Holiday Staffing Best Practices
Planning your holiday hiring strategy is essential to end the fiscal year with a bang. It’s more than just mass and speed interviewing candidates. It involves planning, communication, and recruitment marketing to find the right job seekers to fill those open positions driving sales and the customer experience.
- · View Last Year’s Sales. Pull your last year’s weekly sales as well as the number of employees hired by department and job. If available, talk with your management team about what the challenges were last year and where gaps existing and begin to plan your temporary staffing plan looking at sales per hour for the entire location and different departments.
- · View Your Location’s Sales Forecasts by Week. It’s important to understand where and when payroll hours are being added. In a retail setting, you would hire stockers and truck unloaders as the holiday product push begins so store shelves can be filled. Cashier and sales positions are hired later and are trained just before sales begin to increase from average levels.
- · Tiered Hiring. Don’t hire everyone at once. In these types of industry verticals, payroll is life. Interview and offer job seekers immediately building a candidate war board with expected start dates based on sales predictions. Over hire by 10-15% knowing that background checks will fail and job offers won’t work out.
- · Host a Job Fair. Nothing feels more productive than scheduling yourself and your managers a one day 4 hour block of 30 minute interviews. With 10 managers, you can knock out 80 interviews making job offers on the spot. This goes a long way in hiring quickly and efficiently. Managers can schedule their time appropriately in a single four hour interval instead of being pulled away in 30 minute meetings that always seem to be inconvenient.
- · Recruit Your Customers. The best seasonal workers are often regular customers at your place of business. Share your holiday staffing openings with them using bag stuffers and signage around the store. Find creative ways to reach your audience using a talent network or my favorite, holiday hiring signs posted in the stalls of the bathroom.

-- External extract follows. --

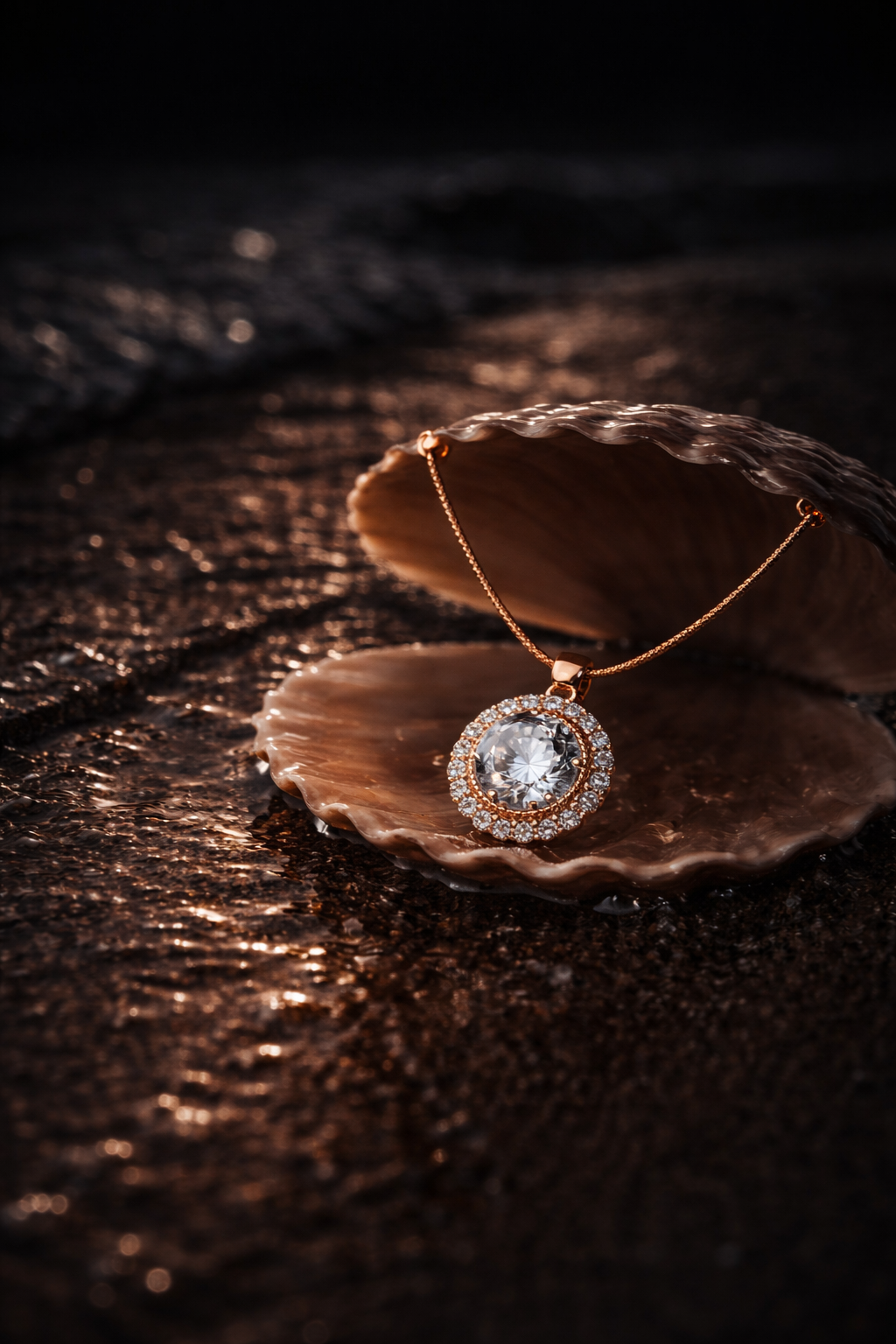 Celeste Halo Necklace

- · Communicate. Communicate. Communicate. I learned quickly my first holiday season that it’s important to set clear expectations and communication guidelines with your team especially those that are temporary workers. Make them aware of the hour requirements including evenings and weekends, but make sure to make the interactions, engagements, and announcements fun. Happy employees are productive employees and can make a difference between an awesome or okay holiday sales season.
Successful Seasonal Staffing with Temporary Employees
Developing a holiday hiring strategy takes work, research, and a team effort going beyond human resources and working directly with general managers and the rest of your company’s store management team. Work with them to understand their objectives and point of contention to make sure that your 2012 holiday staffing plan goes off without a hitch.